Among these is Joe Walsh, owner of Portland, Maine based Clean Green Maine, who talked with The Associated Press about the shortcomings of the Paycheck Protection Program.

"You're turning the business into a pass through for the federal government. You're doing very little to actually help the business."

Walsh said he pays employees a minimum of $17 an hour plus benefits, but many of them are currently getting the equivalent of $25 an hour from unemployment.

Of having to chose whether to try to re-hire people and risk his former employee's benefits, Walsh said:

"That's just putting me as the employer in a really difficult position."

Lindsey Graham isn't the only republican lawmaker who is unhappy with the CARES Act.

South Carolina's Senator Tim Scott and Florida's Senator Rick Scott have both expressed concerns with the outcome.

Senator Tim Scott tweeted earlier this week about having foreseen problems with the act, but being ignored.

Meanwhile Senator Rick Scott's communications director, Chris Hartline, told HuffPost:

"This hurts our economy and our small businesses, and is exactly what Senator Scott was hoping to avoid with his amendment to the CARES Act."

Graham and other Republicans' discomfort with the expanded unemployment eligibility and increased payout seems to ignore the extremely positive benefit of people not working—those people staying alive.

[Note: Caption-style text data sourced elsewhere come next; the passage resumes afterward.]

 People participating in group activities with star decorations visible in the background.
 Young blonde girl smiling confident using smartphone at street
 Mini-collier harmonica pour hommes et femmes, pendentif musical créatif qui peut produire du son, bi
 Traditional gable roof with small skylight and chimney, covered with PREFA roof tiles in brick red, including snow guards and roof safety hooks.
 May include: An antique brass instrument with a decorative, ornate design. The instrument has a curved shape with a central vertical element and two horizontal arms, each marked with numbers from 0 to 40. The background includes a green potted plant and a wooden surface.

The less exposure people have to others, the less the virus spreads, and the safer the American workforce is. Over 50,000 people have already died because of the virus, and over 985,000 have been confirmed to have contracted the virus.

Employers will also have a hard time keeping employees on staff if there is nobody left who is healthy enough to work.

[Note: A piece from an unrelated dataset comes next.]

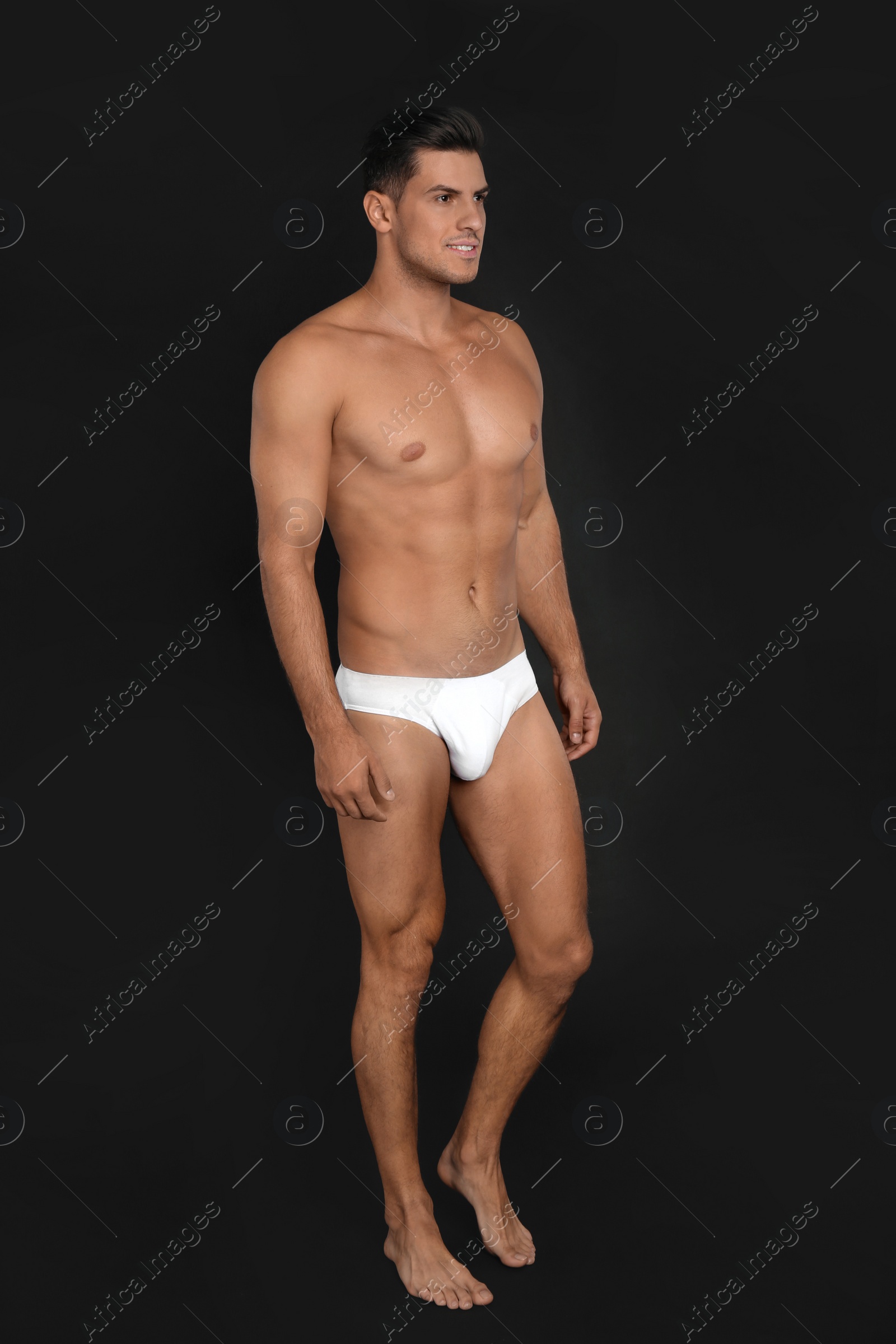 Photo of Handsome man in underwear on black background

Graham's own job in the Senate—where he has been since 2003—is not secure at this time either. The three term Republican Senator faces a challenge in November from Democratic candidate Jaime Harrison.

35 Senate seats are up for grabs in 2020. Democrats need only take 3-4 to take control of the Senate.

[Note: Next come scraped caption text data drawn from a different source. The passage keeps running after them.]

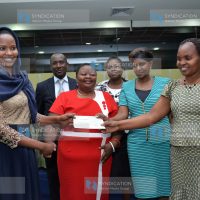 Women Enterprise Fund Advisory Board chairperson, Mumina Bonaya (left) present a cheque of Kshs.500,000/=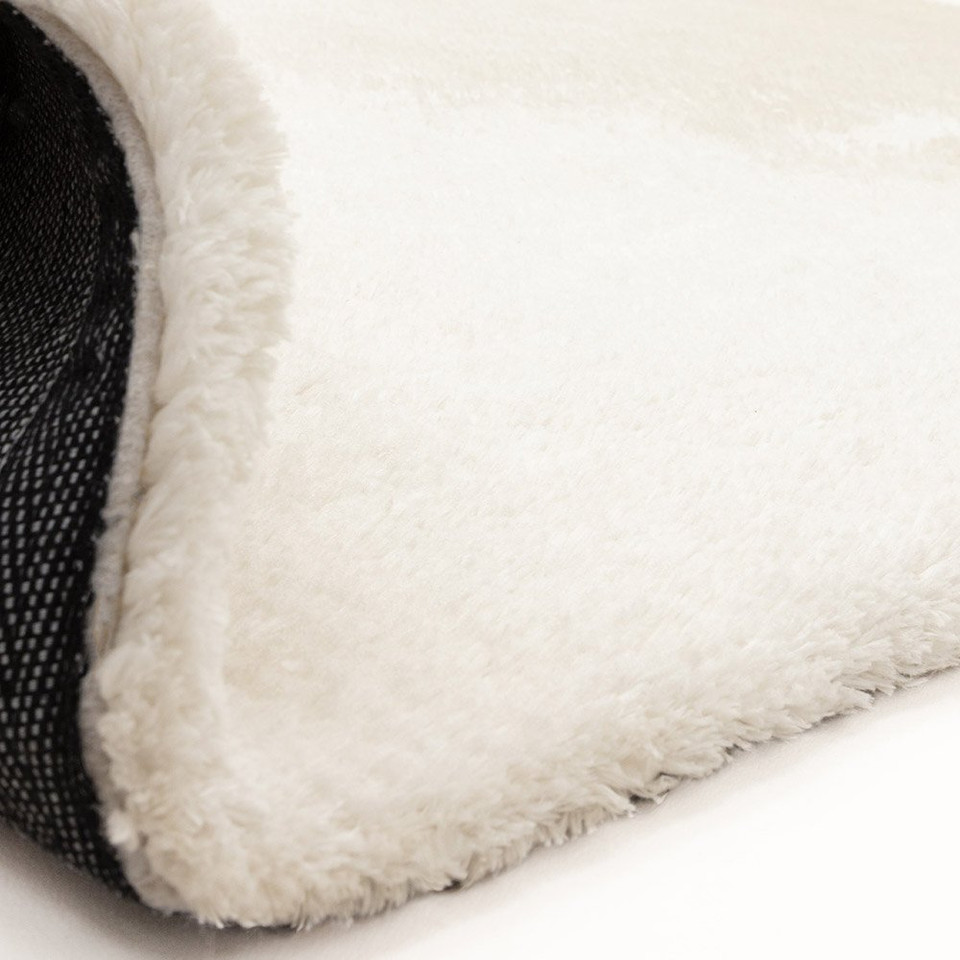ivory shaggy rug partial fold on white floor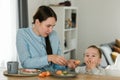 Young mother feeding her baby son with fruit Royalty Free Stock Photo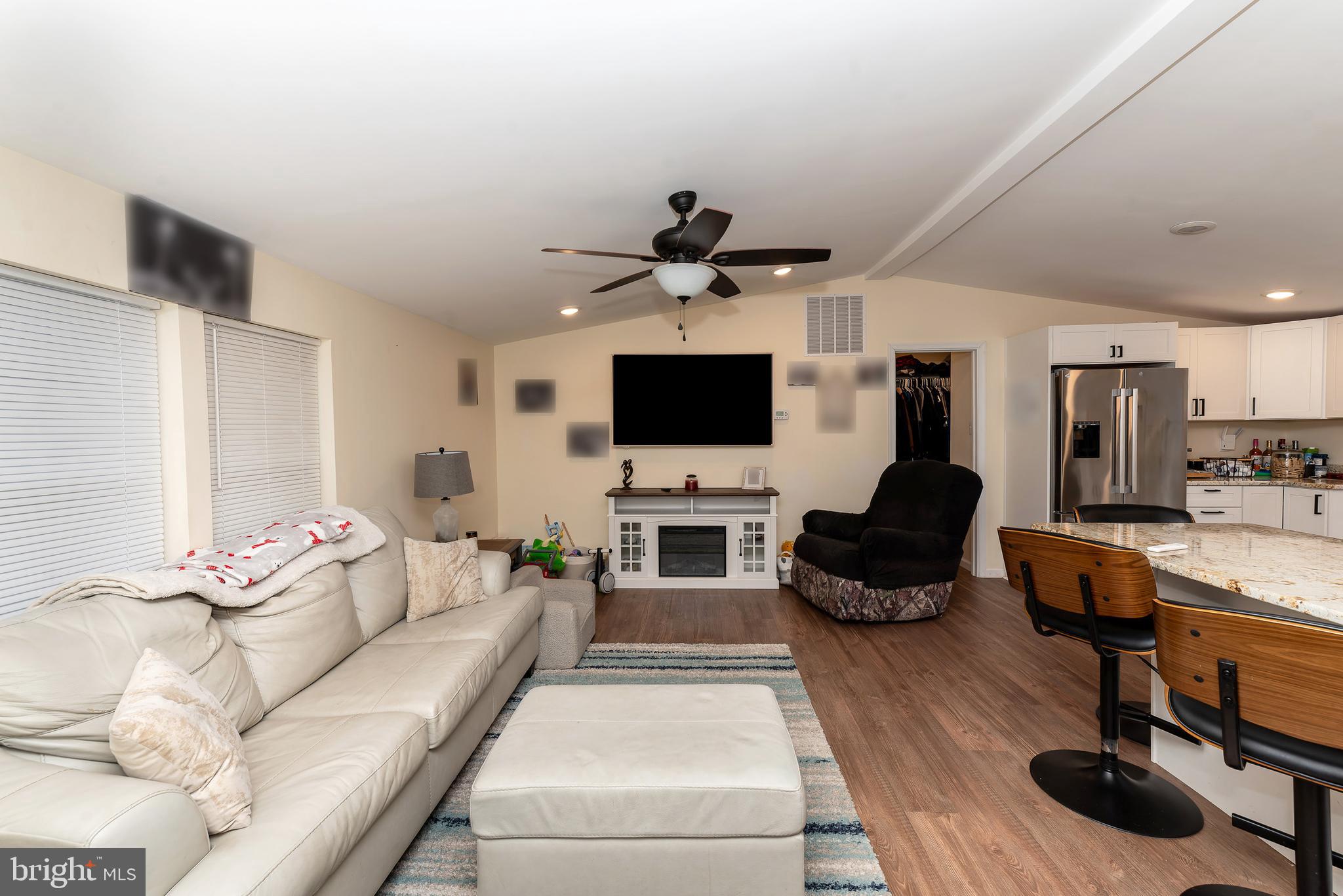 997 Williamstown Road Franklinville, NJ 08322 - Photo 8 of 62 a living room with furniture and a flat screen tv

In addition to Graham, these GOP Senators are facing reelection challenges in November:Dan Sullivan (AK), Tom Cotton (AR), Martha McSally (AZ), Cory Gardner (CO), Kelly Loeffler (GA), David Perdue (GA), Joni Ernst (IA), James Risch (ID), Mitch McConnell (KY), Bill Cassidy (LA), Susan Collins (ME), Cindy Hyde-Smith (MI), Steve Daines (MT), Thom Tillis (NC), Ben Sasse (NE), Jim Inhofe (OK), Mike Rounds (SD), John Cornyn (TX) and Shelley Moore Capito (WV).